● Task to complete
Starting at the line with "Göğüs Kürklü Kapüşonlu Kapitone Mont Siyah" and stopping at the final line, retype the data below exactly; do not carry over any pictures.

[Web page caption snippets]
################
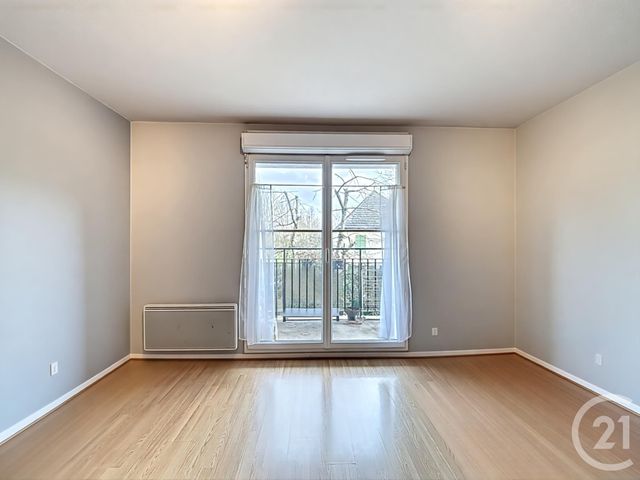 Appartement F2 à vendre MOISSY CRAMAYEL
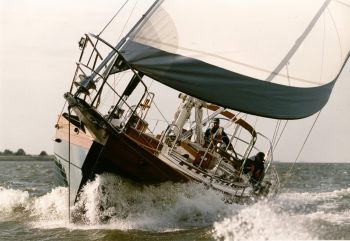 41T Hans Christian Sailing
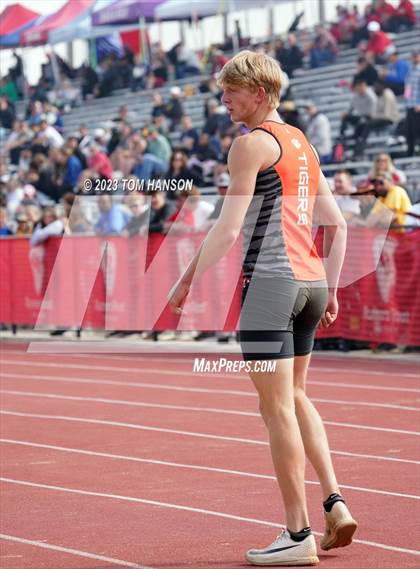 Thumbnail 1 in CHSAA 4A Finals (Triple Jump) photogallery.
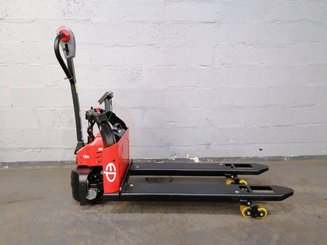 Porta-paletes eléctrico com condutor a pé EP EPT12-EZ PRO - 1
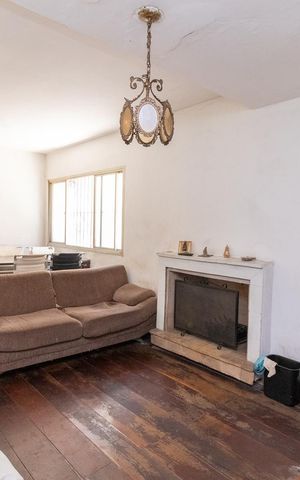 Casa à venda com 140m², 3 quartos e 2 vagasSala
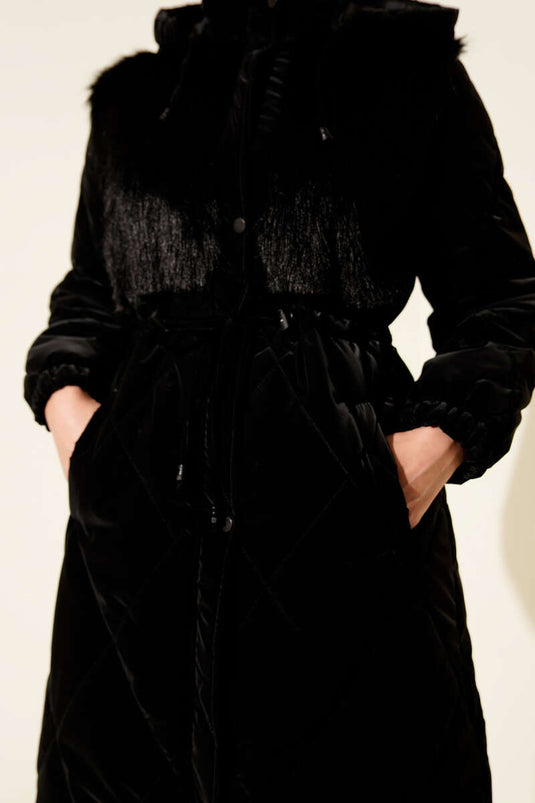 Göğüs Kürklü Kapüşonlu Kapitone Mont Siyah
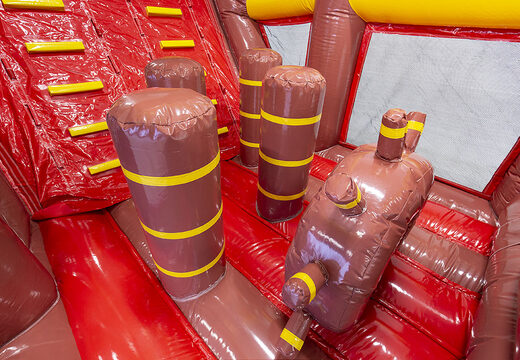 Ordene una pista americana con un tema de barco pirata para niños. Compre pistas americanas inflables en línea ahora en JB Hinchables España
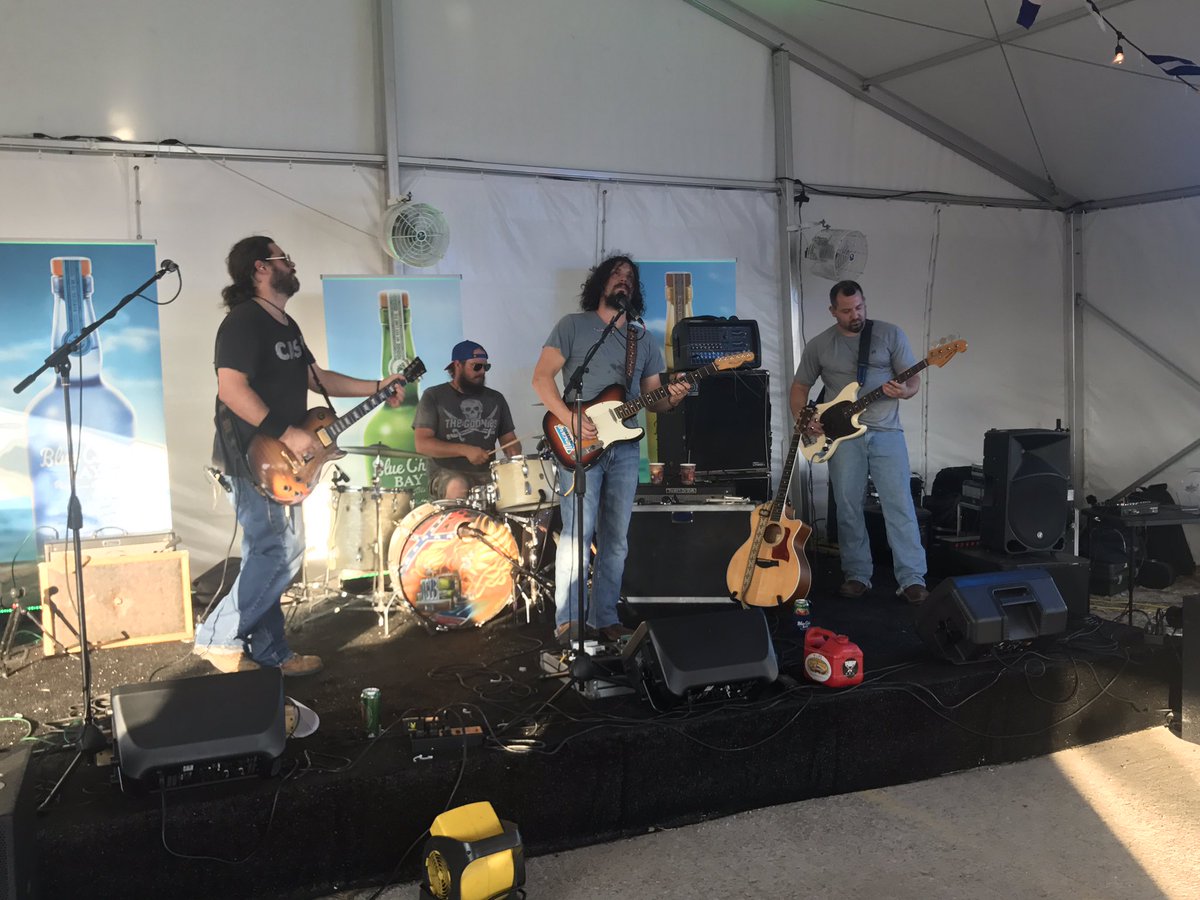 Barge_295's tweet photo. The boys of @tclb just kicked off - come grab a cold beer with us! https://t.co/FwJliX3MRi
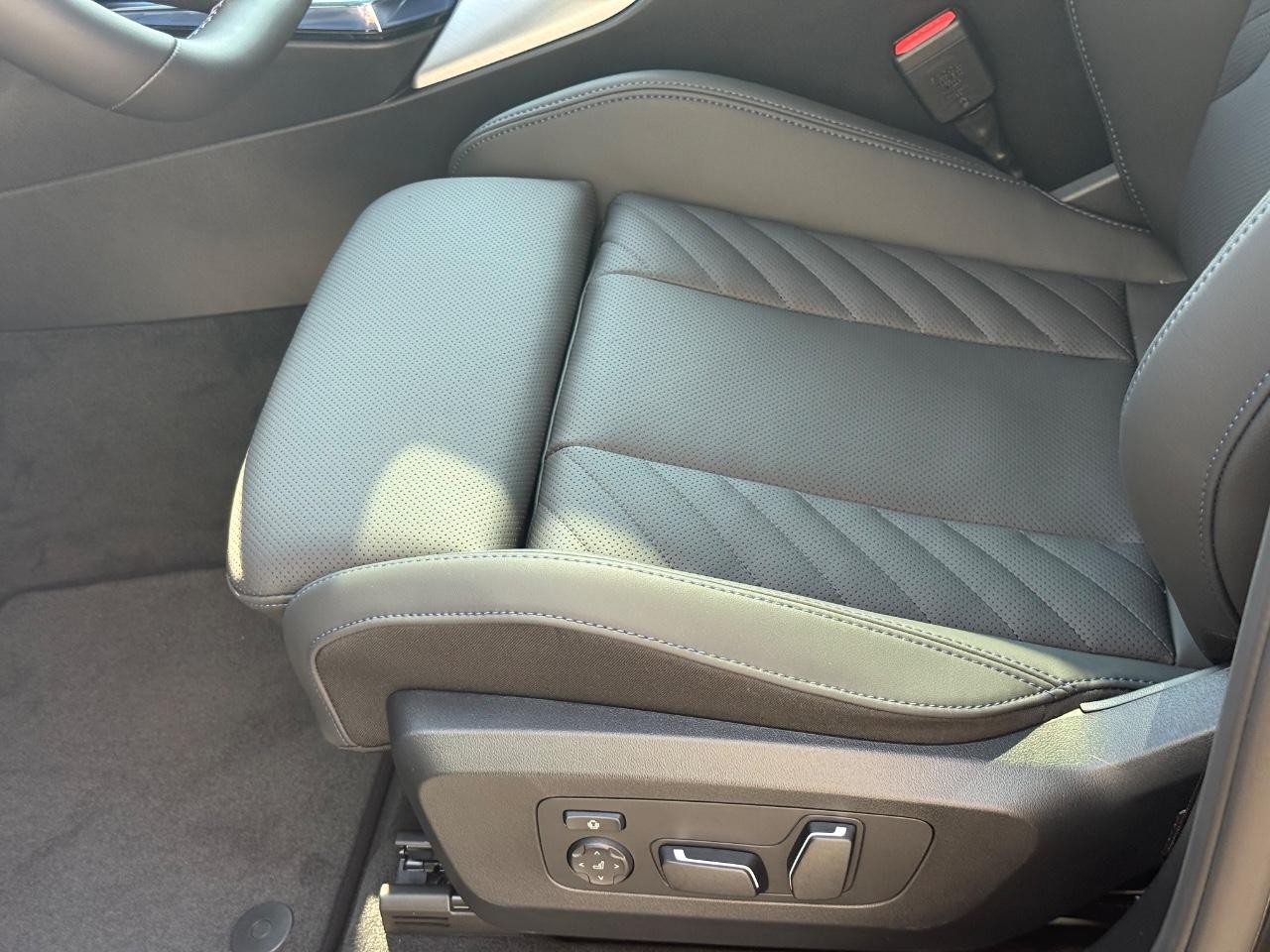 BMW X3 Vehicle Image 18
################
● Answer to the exercise
 Göğüs Kürklü Kapüşonlu Kapitone Mont Siyah
 Ordene una pista americana con un tema de barco pirata para niños. Compre pistas americanas inflables en línea ahora en JB Hinchables España
 Barge_295's tweet photo. The boys of @tclb just kicked off - come grab a cold beer with us! https://t.co/FwJliX3MRi
 BMW X3 Vehicle Image 18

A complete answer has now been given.